- The Washington Times - Friday, March 9, 2012

ANALYSIS/OPINION:

President Obama says Republicans are engaging in “casual” talk about war with Iran. Actually, Mr. President, it’s not casual talk, it’s frustration. It was extremely frustrating for us to see the Obama administration try to water down sanctions against the Central Bank of Iran. The Senate forced the issue with a unanimous 100-0, vote, and the administration responded by seeking waivers to lessen the blow.

Another frustration was the administration’s early decision to reach out to the Iranian ayatollahs and ask them to “unclench” their fists. The Iranians met this well-intentioned gesture by rigging the 2009 elections and engaging in the wholesale slaughter of the Iranian people when they raised their voices in objection.

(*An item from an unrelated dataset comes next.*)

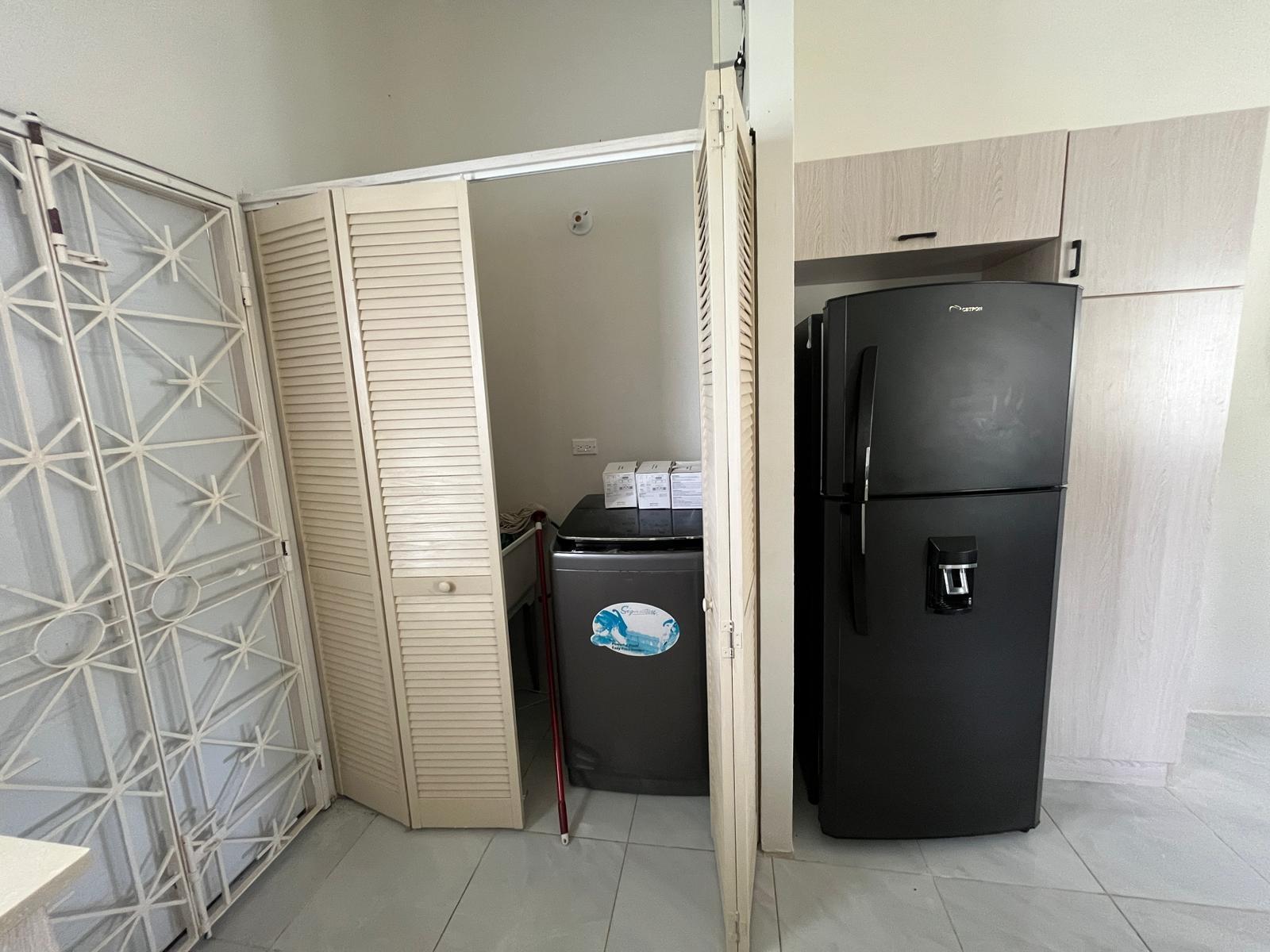 House For Rent: CAMELOT VILLAGE, Discovery Bay | $1,100 photo 2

The Persian Spring came and went with virtual silence on our government’s part. A great opportunity in Iran was wasted.

The president now accuses Republicans of not doing a cost-benefit analysis regarding action against Iran, a charge with which I strongly disagree. We know the price of undertaking military action against Iran is high, but the costs of Iran obtaining nuclear-weapons capability are greater.

American military action against Iran will open Pandora’s box, but Iran with nuclear-weapons capability empties Pandora’s box.

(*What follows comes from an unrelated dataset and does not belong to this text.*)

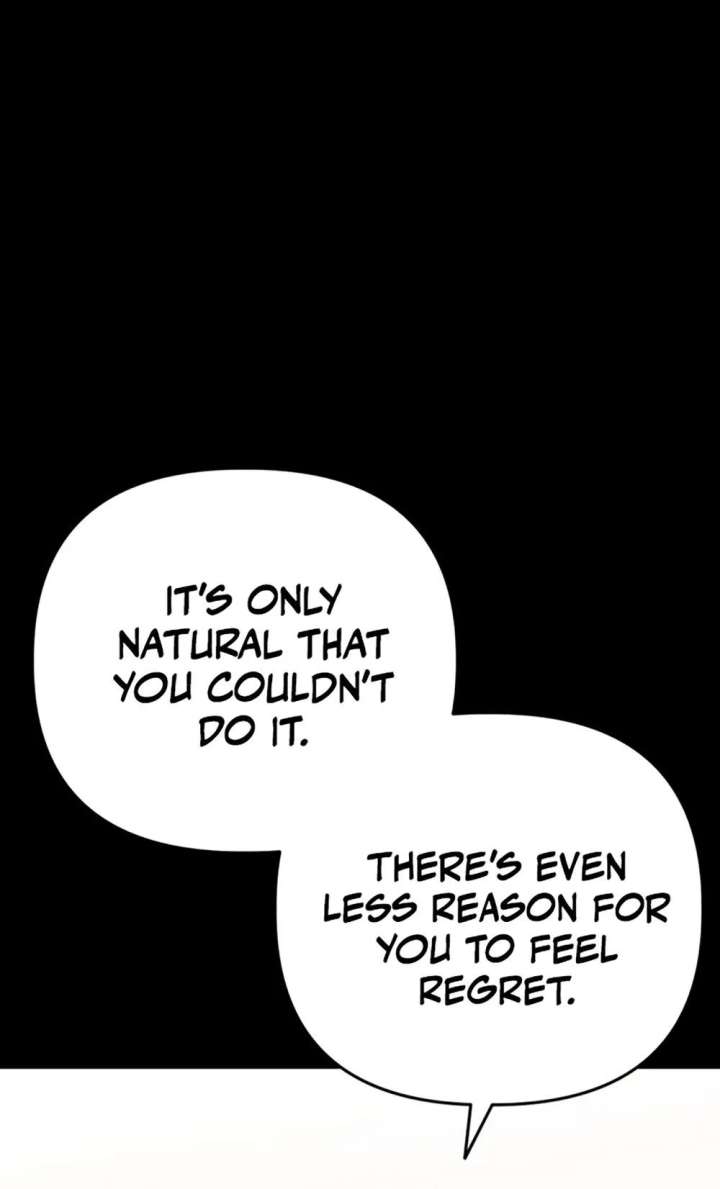 ch 14 20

Any attack on Iran will immediately place thousands of American troops in the region under even greater threat and likely prompt Iran to unleash terrorist activities against the American homeland.

However, Iran with nuclear-weapons capability could hold the world hostage as it sees fit. The Iranians likely would share nuclear materials with terrorist organizations, and Sunni Arab nations in the region would seek nuclear programs to counter the Iranians.

The equation for our Israeli allies is much simpler: Iran with nuclear-weapons capability is simply unacceptable.

The Israelis are clear-eyed that an attack on Iran could result in a situation in which some Israelis may perish. An Iran with nuclear weapons, in their view, means all may perish.

If Israel attacks Iran, Israel will be targeted for retribution. If the United States attacks Iran, Israel also will be targeted for retribution. Either way, the state of Israel and its citizens likely will suffer the greatest blows from Iran. This is why Israeli Prime Minister Benjamin Netanyahu has made clear that Israel must remain the master of its own fate.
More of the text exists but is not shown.